**Exercise data**
┏━━
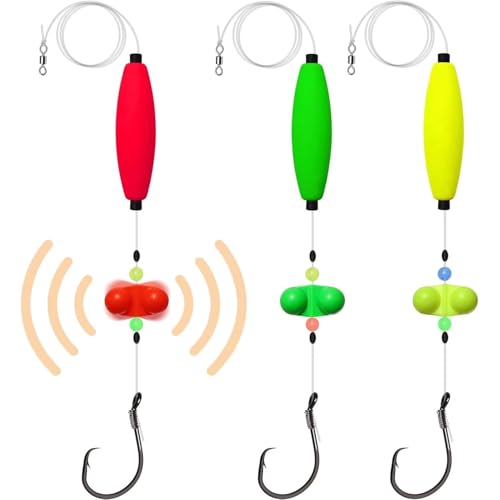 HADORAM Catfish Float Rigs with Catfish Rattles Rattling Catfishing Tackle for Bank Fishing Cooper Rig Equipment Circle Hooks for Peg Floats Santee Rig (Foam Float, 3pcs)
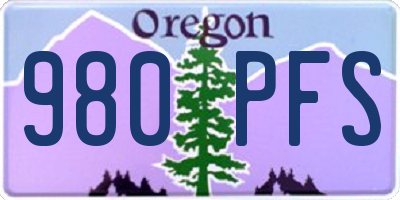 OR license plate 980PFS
┗━━
┏━━
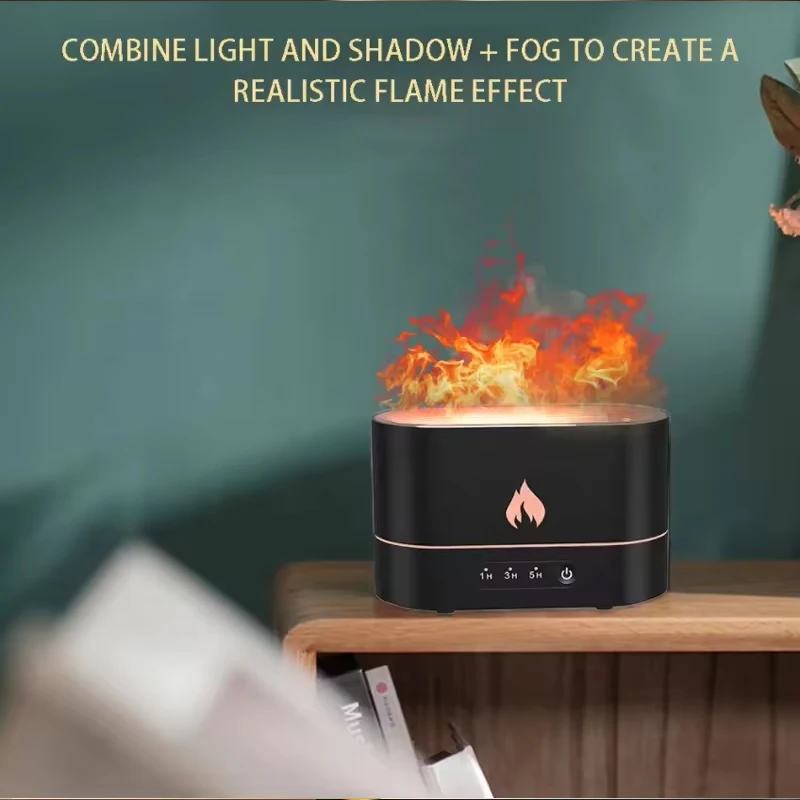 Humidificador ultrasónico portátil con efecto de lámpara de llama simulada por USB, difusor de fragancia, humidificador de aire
┗━━
┏━━
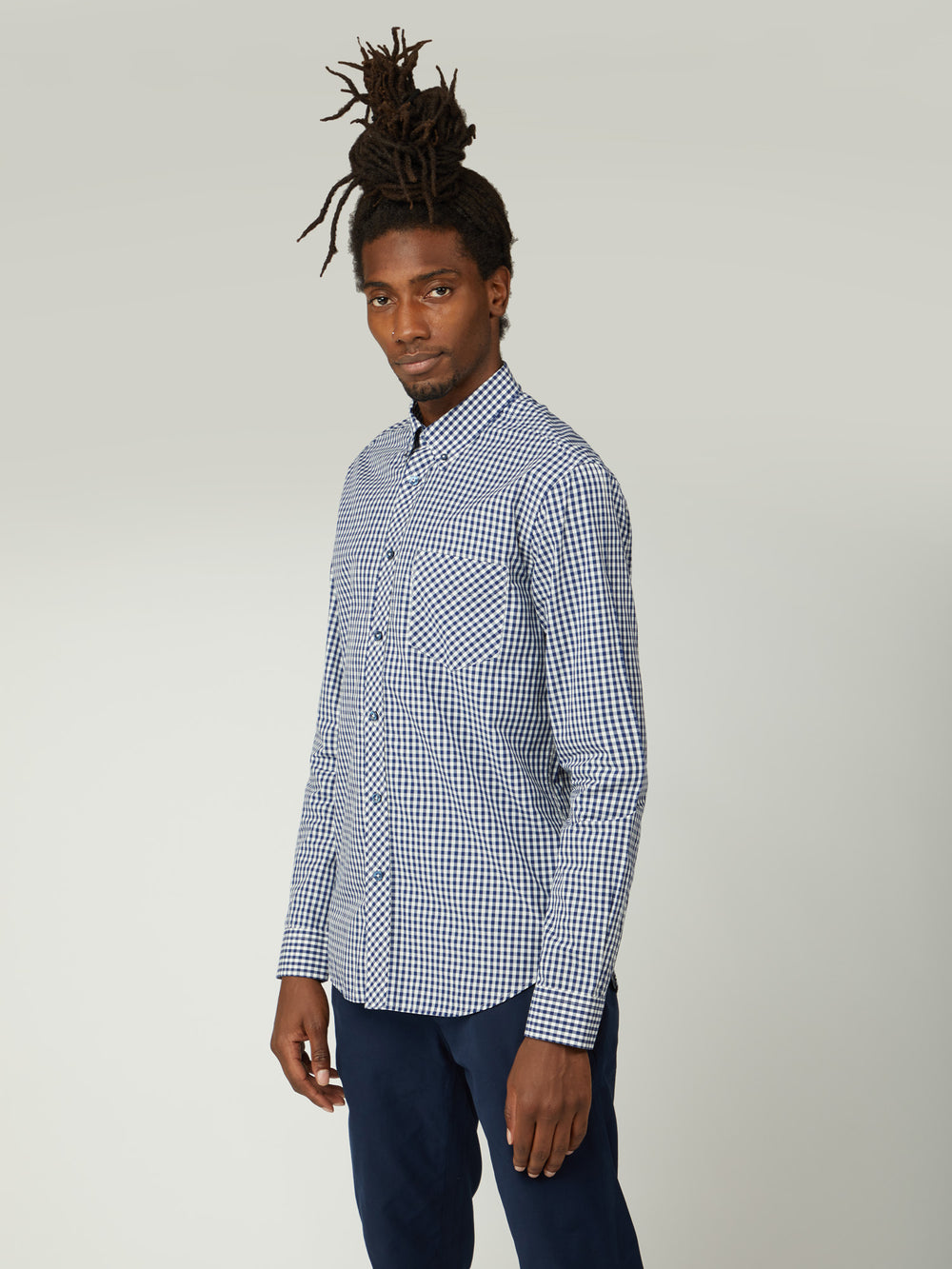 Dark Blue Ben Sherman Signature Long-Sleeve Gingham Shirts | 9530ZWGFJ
┗━━
**Instructions to follow**
Keep to the stretch from the line containing "HADORAM Catfish Float" through the line containing "OR license plate 980PFS", both ends included, and copy it exactly from the listing above, minus the pictures.

**Exercise solution**
 HADORAM Catfish Float Rigs with Catfish Rattles Rattling Catfishing Tackle for Bank Fishing Cooper Rig Equipment Circle Hooks for Peg Floats Santee Rig (Foam Float, 3pcs)
 OR license plate 980PFS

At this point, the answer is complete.